# Identify groundcover



## Shin (Mar 25, 2014)

I've been taking pictures and slowly identifying the stuff in this yard of this new place.

I've got lawn, and inbetween lawn, there're some nice strips of soft moss, and then there's this soft leafed stuff. The rabbits love it, guess because it's cozier to hop around on than the regular grass.

I'd like to know what folks call it.


----------



## Country10 (Aug 16, 2015)

With just seeing the leaves looks to be purslane.This plant is very tasty for all! You can add to your diet if your inclined to do so.

To further identify this plant which has fleshy bright green leaves and when flowering have small yellow buds which have an abundance of small black seeds. This plant normally grows in damp areas or areas that have frequent moisture.

To further identify stems are usually thicker and reddish brown. If this matches what your seeing, then I would identify as purslane - this is a good plant and should be kept around.

If this does nto match what your seeing, please provide further description or pics and I'll see if I can further assist you in id-ing.

:happy:
&#732;Ten


----------



## dizzy (Jun 25, 2013)

It's kind of hard to ID it from the pic you provided-it's too general of a photo. Can you post a pic that shows more detail?


----------



## Shin (Mar 25, 2014)

Yes I can go take some more photos. This photo right now is taken of it just carpeting the ground like grass from directly overhead. It's short, short as fresh cut grass.


----------



## Shin (Mar 25, 2014)

Here are two more photos of it. I'm in eastern PA, took these just the other day. I think the soft white fuzz on the leaves will help identify it.


----------



## Country10 (Aug 16, 2015)

I retract my previous id, not purslane,


----------



## chickenista (Mar 24, 2007)

I think it may be a form of Antennaria.
And we have patches of similar plants in parts of our property.
I have never really paid much attention other than to note that it's a patch of little furry silver green plants.


----------



## Shin (Mar 25, 2014)

Hmm, you're right there is some resemblance to some of the Antennaria pictures out there, though I don't see any pictures that perfectly fit.

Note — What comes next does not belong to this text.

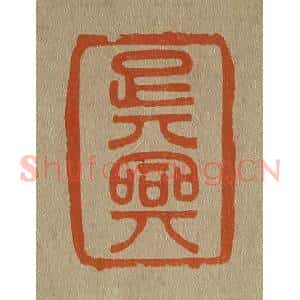 清代 斋藤谦编纂 印谱《吴兴》篆刻印章作品图片欣赏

Since spring is over I can't watch them to see if they ever flower. But I will try to dig some up and see if they grow by rhizomes.


----------



## Fennick (Apr 16, 2013)

There's a couple of plants that it looks like to me, they may be a carpet of seedlings that you have there. You could do an internet search of the plants and images for further identification.

One is Lychnis coronaria (Rose Campion) and the other is Stachys byzantina (Lamb&#8217;s Ear). Rose campion has shorter more compacted fuzzy hairs and to the touch it feels like thick short velvet on both sides. Lambs ear has longer, softer hairs and does not feel like velvet, but rather more like the very soft fluffy fur of a newborn baby animal or the downy feathers of a newly hatched baby bird. 

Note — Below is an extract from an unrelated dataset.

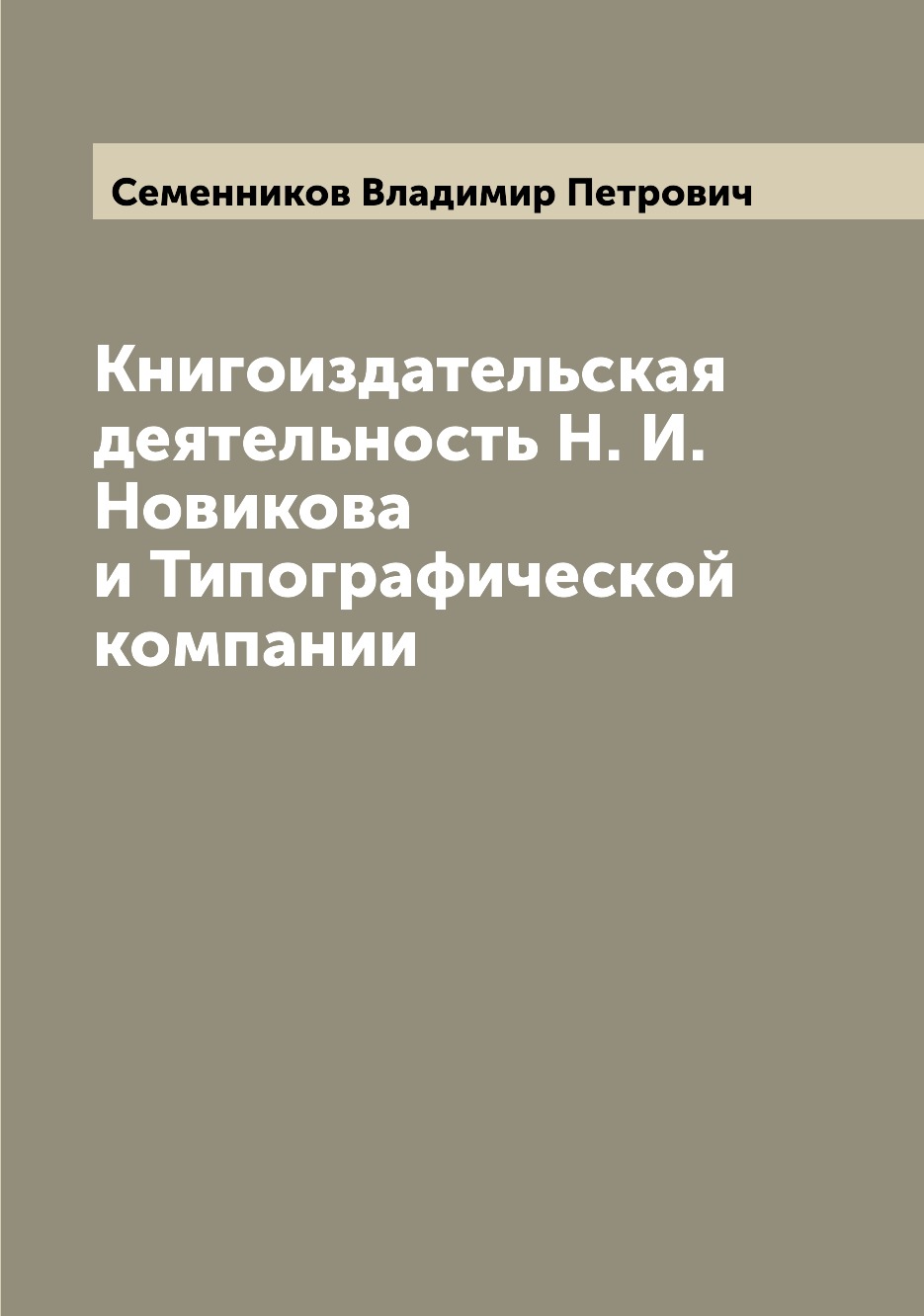 

Книга Книгоиздательская деятельность Н. И. Новикова и Типографической компании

The following 2 pictures are enlarged photos of the tiny seedlings.

First one is Lychnis coronaria (Rose Campion) 













Second one is Stachys byzantina (Lamb&#8217;s Ear)


----------



## Shin (Mar 25, 2014)

Ah, you know, when I first saw those two pictures I thought the lamb's ear was the first one! 

I have a lot of lamb's ear in this lawn, it's springing up everywhere. I really like it. But these little things.. they're too tiny to be it. They never grow larger than you see.


----------



## Declan (Jan 18, 2015)

I have the same stuff in my yard, but I don't know what it is.


----------



## dizzy (Jun 25, 2013)

I've seen it, but can't remember what it's called.


----------



## Declan (Jan 18, 2015)

Is it cudweed?


----------



## GREEN_ALIEN (Oct 17, 2004)

Vinca Minor is my guess.

Ted


----------



## Declan (Jan 18, 2015)

When I looked at it on a weed chart, cudweed a/k/a rabbit tobacco was the closest looking thing I could find


----------



## Danaus29 (Sep 12, 2005)

Not vinca, I plated that in my yard (a very big lapse in judgement on my part) and that isn't vinca.


----------



## light rain (Jan 14, 2013)

Looks like vinca to me, too. Take some to a nursery or the extension agent. Either should be able to help you.


----------



## Declan (Jan 18, 2015)

If it were vinca minor, the camera man would have been eaten alive before they had time to focus. That stuff is very aggressive. Five minutes after you think you have finally killed it all after years of trying, it is everywhere again.


----------